I see the present time as one more God-given opportunity for you as female religious to re-propose your vision.  There is now such a fear of the future and a realisation that consumerism offers a very hollow hope.  Young people – following in the ideas of Pope Francis and Laudato Si’ – are recognising that our unsustainable use of resources to make more and more tat may be embellishing our present but it is destroying their future.  The bank crash of the last decade has shown us the hidden power of the unimaginably strong.  The economic message may encourage our illusion of freedom but it ignores the fact that we are also prisoners of unseen hands who dictate what choices we have.  The unseemly antics of many politicians offer pathetic role models for how to resolve differences in the service of the Common Good.  When key social concepts such as marriage and sexual identity are reduced to ‘what I feel is right for me today’, it is no surprise that the centre cannot hold.  Freedom can too often be an excuse for irresponsibility – and women so often are the ones who literally are left holding the baby.

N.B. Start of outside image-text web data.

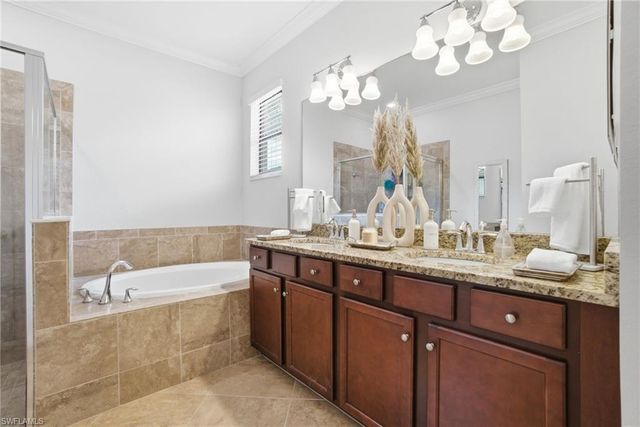 9216 Woodhurst DR, Naples, FL 34120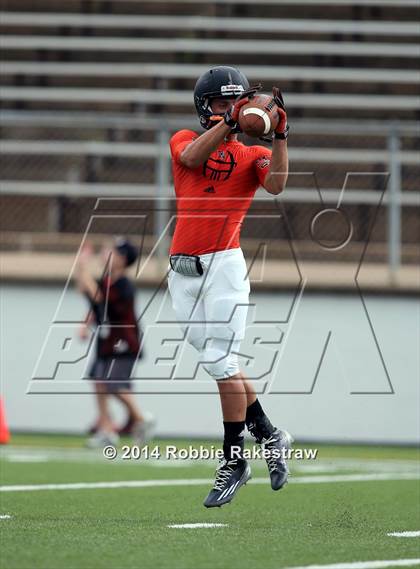 Thumbnail 1 in Grand Saline vs. Frankston photogallery.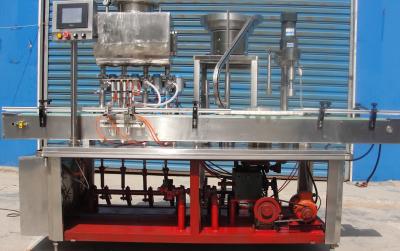 China Engarrafamento de 1KG Chili Sauce Paste Liquid Automatic e máquina tampando 2500bottles/Hr à venda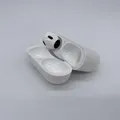 Produktbild: Apple AirPods Pro (2. Generation) mit MagSafe Case , Nur Case mit rechter Hörer!
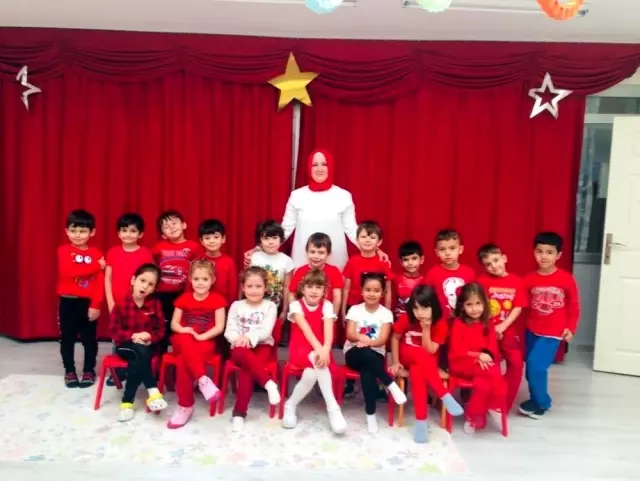 Minik öğrenciler geleneksel sevgi kahvaltısında buluştu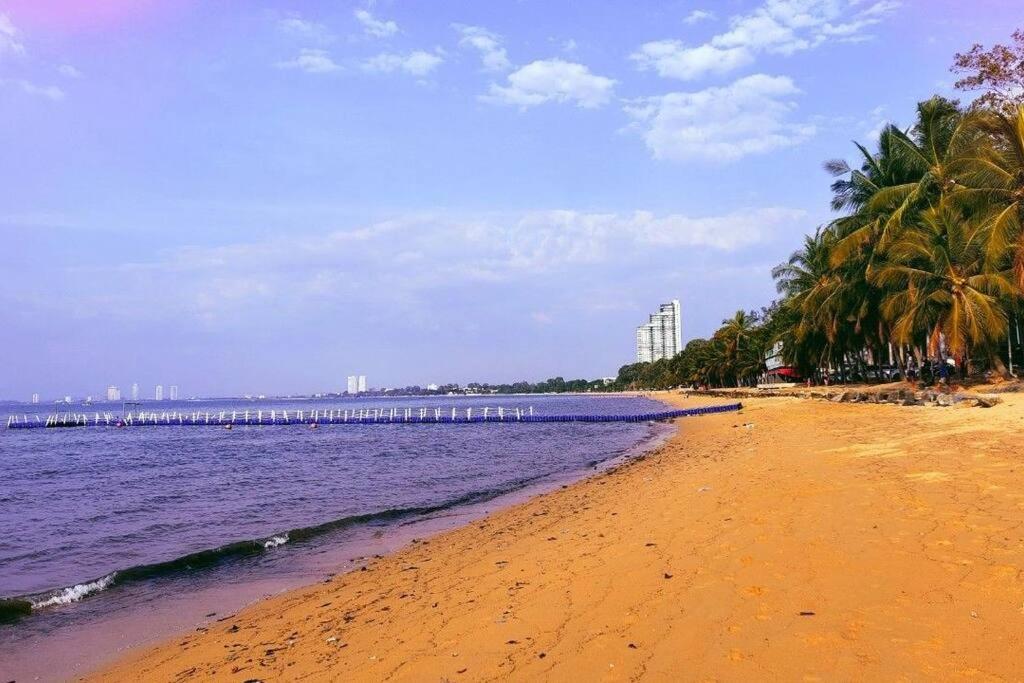 Fotografie z fotogalerie ubytování Mamalek Pattaya-Sattahip PoolVilla 100m Beach, Pub& Restaurant, v destinaci Bang Sare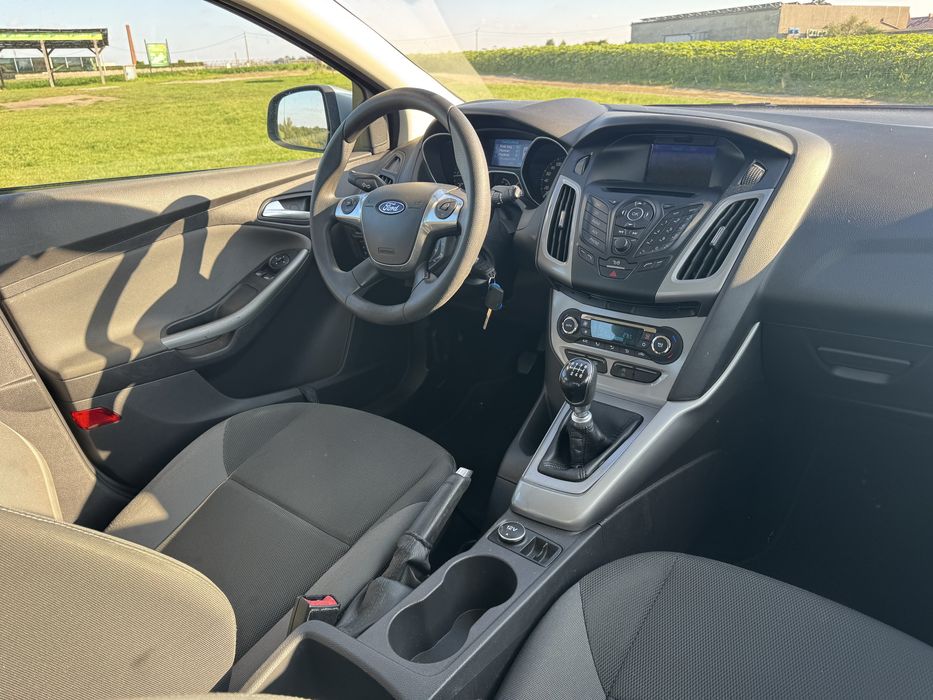 Pewne auto focus hatchback 1.6tdci 115km climatr navi Polecam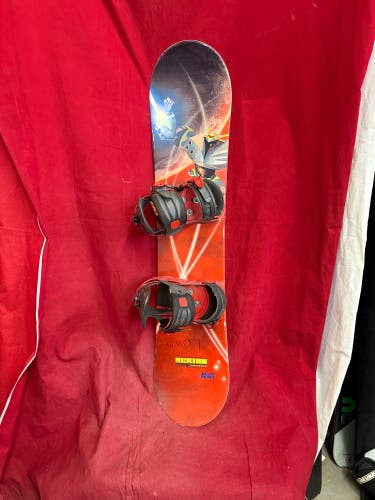 Skis: Burton Snowboard All Mountain With Bindings Directional Twin 120 cm (Used)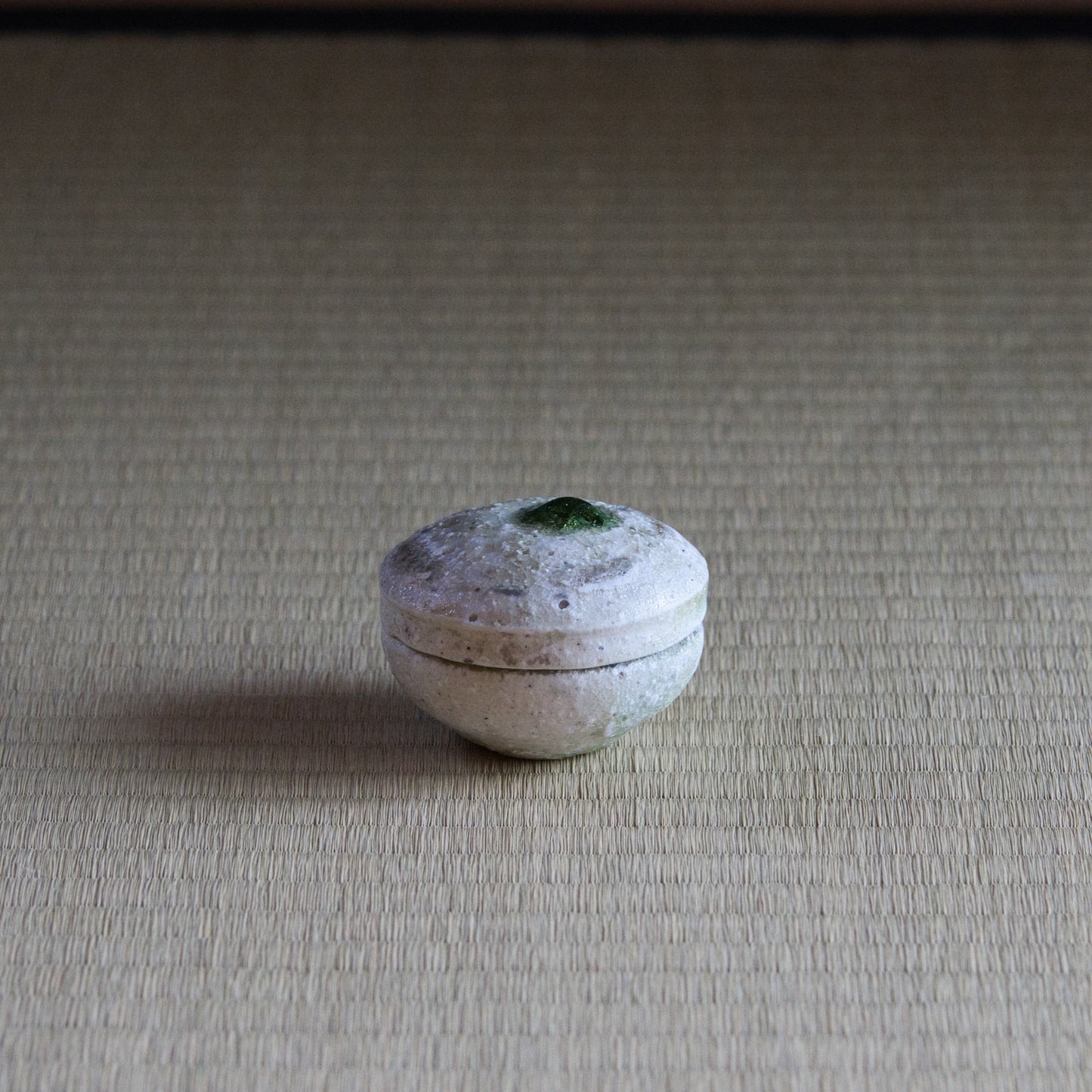 UXTY3 辻村唯 自然釉香合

The strength of the Church has always in its ability to let people hear the divine call to generous risk-taking idealism in the service of others.  We have been at our weakest when the focus has been on our institutions rather than on those who most needed love.  The recognition of our failures can be an important act of humility – but the acceptance of that truth should enable us to be set free so as to witness in the present.  The danger is that a preoccupation with the past will hobble us today and make us unable to speak into the modern realities.  The new elite do not wish to hear words of criticism – like the ones of Jesus in today’s Gospel.  If we can be tied up in knots as regards our past, we can be prevented from speaking prophetically about today.  But there are too many people like Lazarus who are unseen, missing and not missed.  They need those who will bear witness by their lives to the Good Shepherd.  Religious congregations are at their best when they are courageous and prophetic.  When the charism becomes too institutionalised, it can lose its taste.  Your presence was for many years built on a hilltop on this side of the river.  You are at your best when you are salt to the earth and light to the world.  You are at your best when you are at fringes and not at the centre.

Today we remember all those who began the work here in Derry exactly a century ago – and those who have walked in their footsteps.  Many of those decades were difficult.  The present time offers new challenges as numbers and energy levels fall.

We thank God for the lives that were enhanced by your ministry.  We are blessed by the faithfulness of those who have ministered here and pointed to heaven.  And we pray for the grace to wait in this fallow time for a new outpouring of generous followers of Jesus, the Good Shepherd.  That will come in God’s own good time – for a society without generous idealists is its own worst enemy.

ENDS

  • Bishop Donal McKeown is Bishop of Derry.  This Mass took place on Sunday 29 September in Saint Columba’s Church, Waterside, Derry to mark the centenary of the arrival of Good Shepherd Sisters in Derry on 29 September 1919.